→ Task to complete
Could you please retype exactly the lines from the start of the records below through the line that contains "Australian Native Bird", both included, and leave out the pictures?

==== Records for the exercise

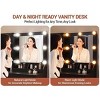 Modern Makeup Vanity Desk with Mirror, Charging Station, Ample Storage Drawers & Acrylic-Door Cabinets, Wooden Dressing Table for Bedroom - 4 of 4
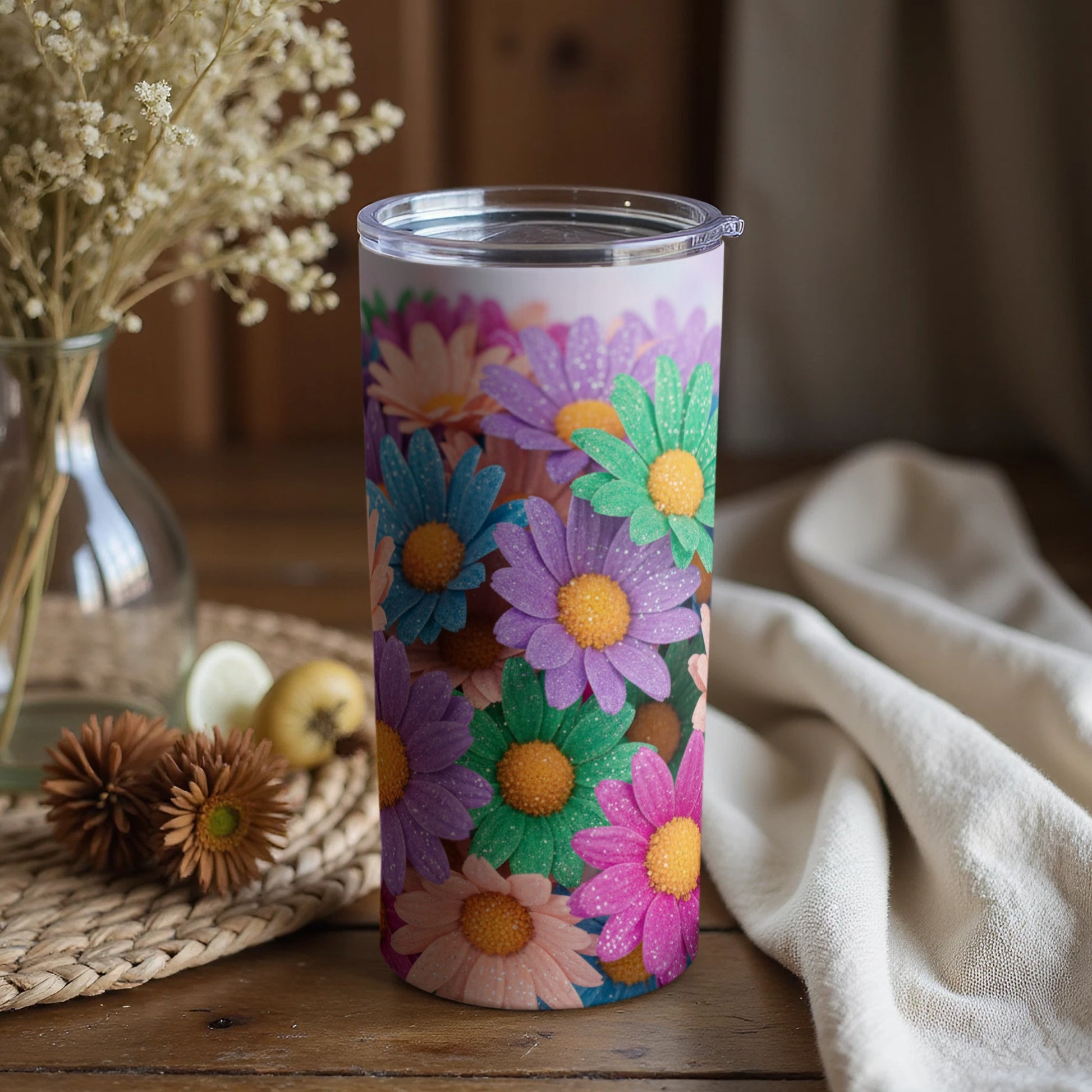 Colorful Floral Print Insulated Tumbler with Lid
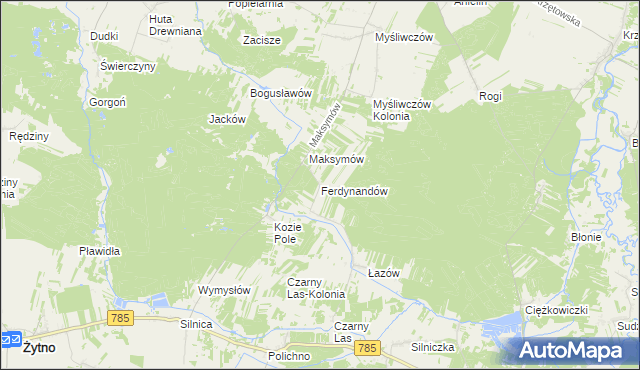 mapa Ferdynandów gmina Żytno, Ferdynandów gmina Żytno na mapie Targeo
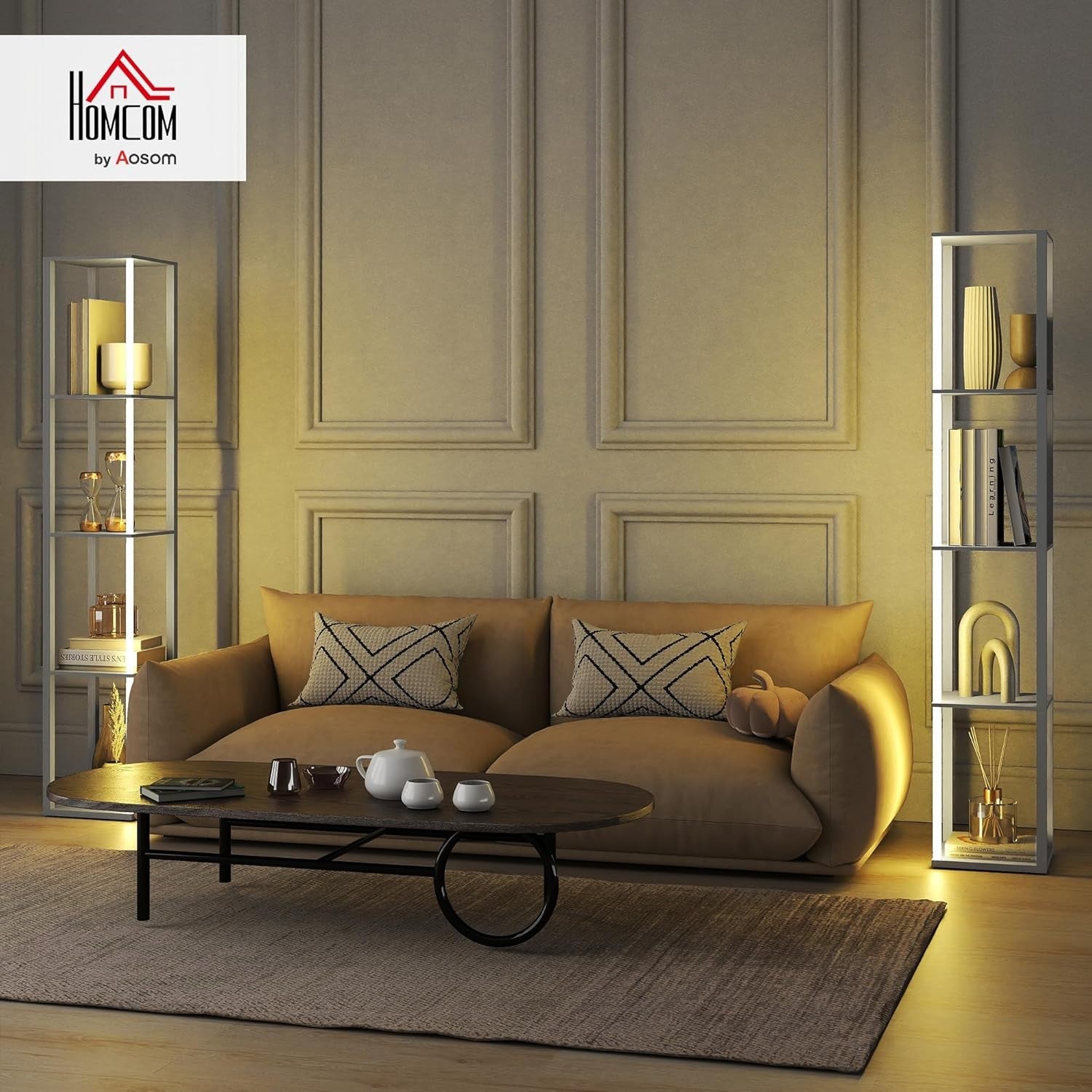 RGB LED Floor Lamp with Shelves Dimmable Remote Control Corner Light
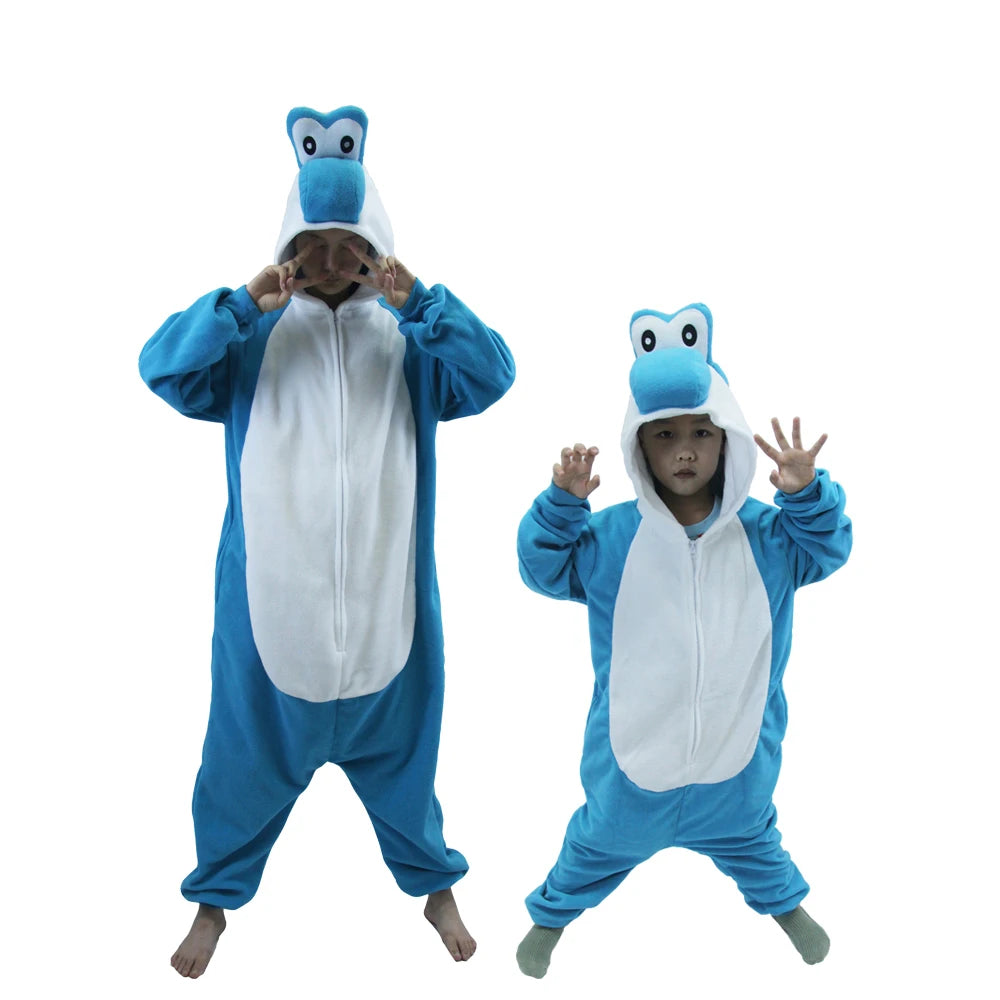 Colorful Yoshi Onesies Kigurumi Pajamas for Adult Unisex Fleece Pyjama Christmas Halloween Cosplay Cos Women Sleepwear Outfits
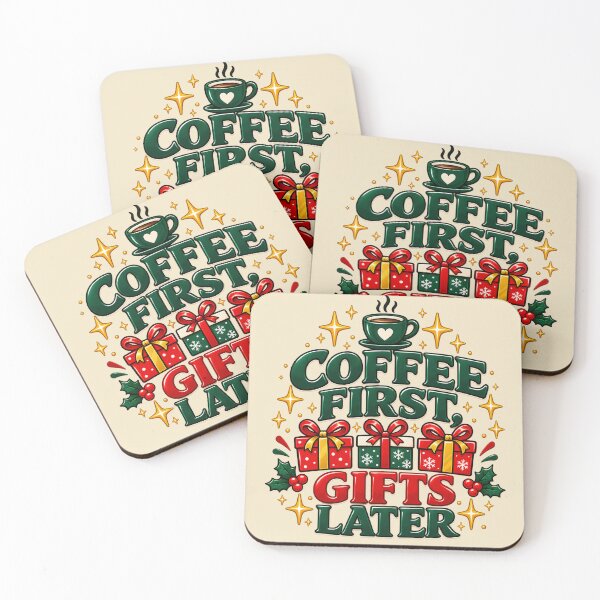 Item preview, Coffee First, Gifts Later – Funny Christmas Coffee Design designed and sold by NViora.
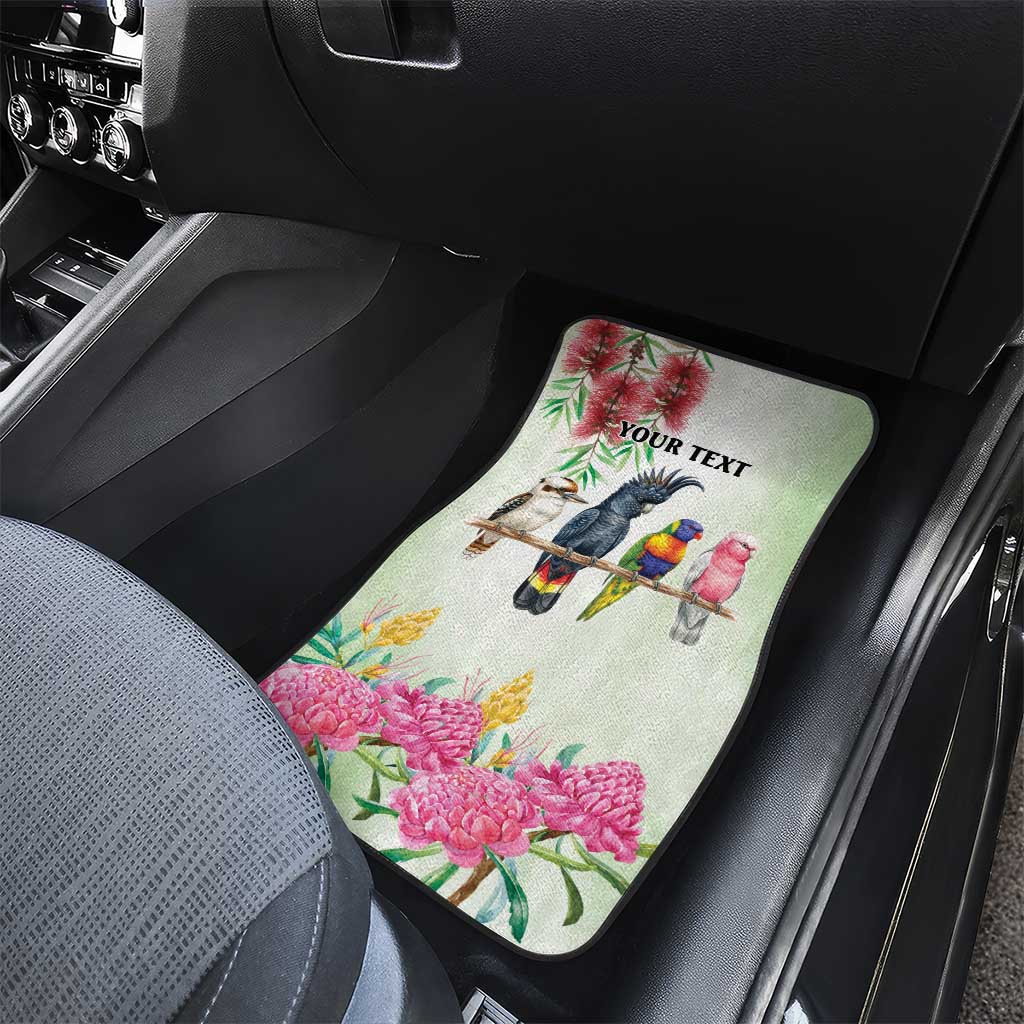 Australian Native Bird Car Mats Kookaburra Cockatoo Rainbow Lorikeet Galah Flowers - Aussie Hoodie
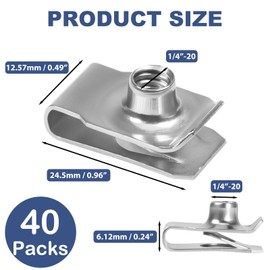 YUEARN 1/4"-20 U-Style Clip-On Nut, Stainless Steel Regular Extruded U-Nut, U-Type Fasteners, Pack of 40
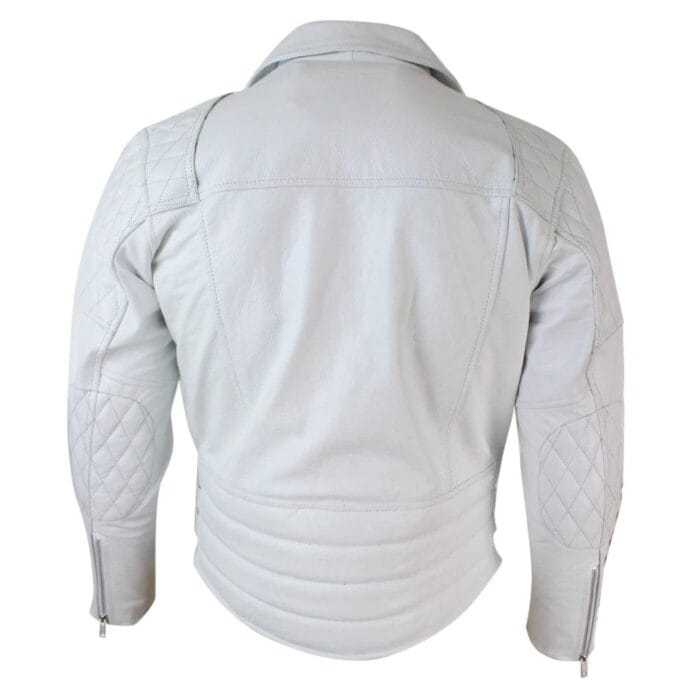 Mens Cross Zip Cow Hide Padded Biker Jacket White Black Brando Vintage - Knighthood Store
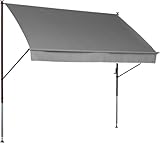 Angerer Klemmmarkise Style mit Handkurbel, Terrasse/Balkon, einfache Montage ohne Bohren, Made in Germany, hochwertiger Stoff, UV-beständig, höhenverstellbar, wasserabweisend, 300 cm Hellgrau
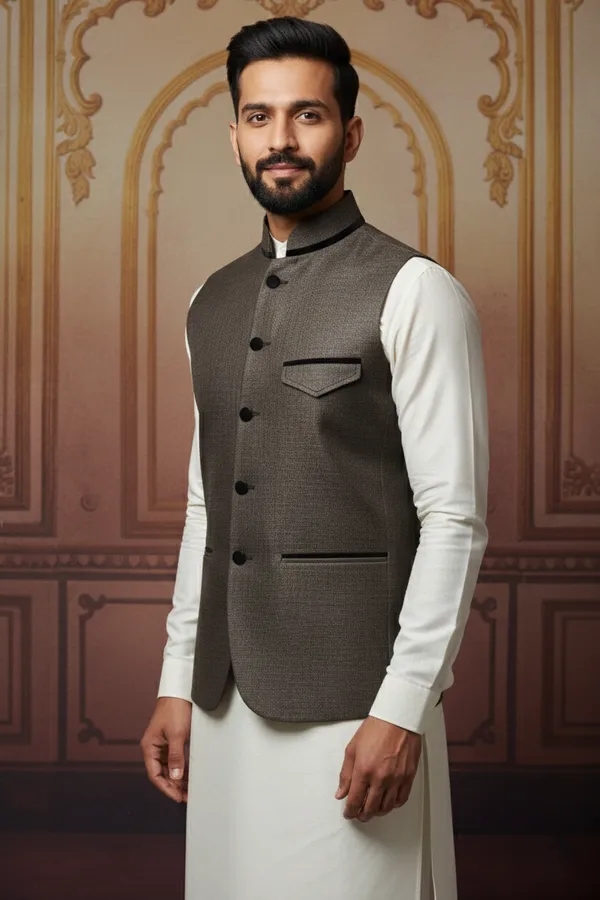 Dark_Brown_Premium_Pattern_Poly_Silk_Nehru_Jacket_Kurta_Pajama_Set_For_Men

========

→ Written answer
 Modern Makeup Vanity Desk with Mirror, Charging Station, Ample Storage Drawers & Acrylic-Door Cabinets, Wooden Dressing Table for Bedroom - 4 of 4
 Colorful Floral Print Insulated Tumbler with Lid
 mapa Ferdynandów gmina Żytno, Ferdynandów gmina Żytno na mapie Targeo
 RGB LED Floor Lamp with Shelves Dimmable Remote Control Corner Light
 Colorful Yoshi Onesies Kigurumi Pajamas for Adult Unisex Fleece Pyjama Christmas Halloween Cosplay Cos Women Sleepwear Outfits
 Item preview, Coffee First, Gifts Later – Funny Christmas Coffee Design designed and sold by NViora.
 Australian Native Bird Car Mats Kookaburra Cockatoo Rainbow Lorikeet Galah Flowers - Aussie Hoodie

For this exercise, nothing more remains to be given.